The Attempt at a Solution

I believe the answer is same as the momentum because the angular momentum is 'the moment of momentum'

 

[rcgldr]

Is the ball rolling up the plane or down the plane? If this is during an instant where the ball is stopped, then it has zero momentum.

 

[Westin]

Is the ball rolling up the plane or down the plane?
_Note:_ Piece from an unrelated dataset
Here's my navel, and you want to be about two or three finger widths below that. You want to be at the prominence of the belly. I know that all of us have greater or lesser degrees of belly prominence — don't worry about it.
If this is during an instant where the ball is stopped, then it has zero momentum.

Unfortunately that info is not given, but if we assumed it was down wouldn't the answer just be same as momentum?

 

[mfb]

How do you determine angular momentum of a point-mass?

 

[SammyS]

Homework Statement

What is the direction of the red ball's angular momentum about the point A?
(see figure)

Same as the momentum.
Out of the page.
Zero magnitude.
Opposite to the momentum.
Same as rA.
Into the page. [/B]

Homework Equations

Angular Momentum[/B]

The Attempt at a Solution

I believe the answer is same as the momentum because the angular momentum is 'the moment of momentum'

The figure helps tremendously.

It looks to me like the ball is at the position of the red dot and is moving horizontally.

How do one calculate angular momentum ?

 

[Westin]

L = r x p
L = same as momentum then ?

 

[mfb]

r x p and p are not the same, and do not point in the same direction.
What do you know about the cross-product?

 

[Westin]

r x p and p are not the same, and do not point in the same direction.
What do you know about the cross-product?

Cross product is r⃗A × F⃗

This helps you find torque

 

[mfb]

And what is your result?

 

[Westin]

And what is your result?

Opposite to the momentum?

 

[haruspex]

Opposite to the momentum?

If you have two vectors and take their cross product, $\vec c = \vec a \times \vec b$, what is the angle between $\vec a$ and $\vec c$? It is always the same answer.

 

[Westin]

And what is your result?

If you have two vectors and take their cross product, $\vec c = \vec a \times \vec b$, what is the angle between $\vec a$ and $\vec c$? It is always the same answer.

it is 180 degrees, I'm still a little lost of what the answer could be though..

 

[mfb]

It is not 180 degrees. Check the definition and basic properties of the cross-product.

 

[SammyS]

Do you know the Right Hand Rule for cross-product ?

 

[Westin]

Do you know the Right Hand Rule for cross-product ?

If you have two vectors and take their cross product, $\vec c = \vec a \times \vec b$, what is the angle between $\vec a$ and $\vec c$? It is always the same answer.

Vector C will be perpendicular to both A & B. The angle will be between 0 and 180 degrees

• 
  A x B = A B sin([PLAIN]https://www.physics.uoguelph.ca/tutorials/torque/theta.gif)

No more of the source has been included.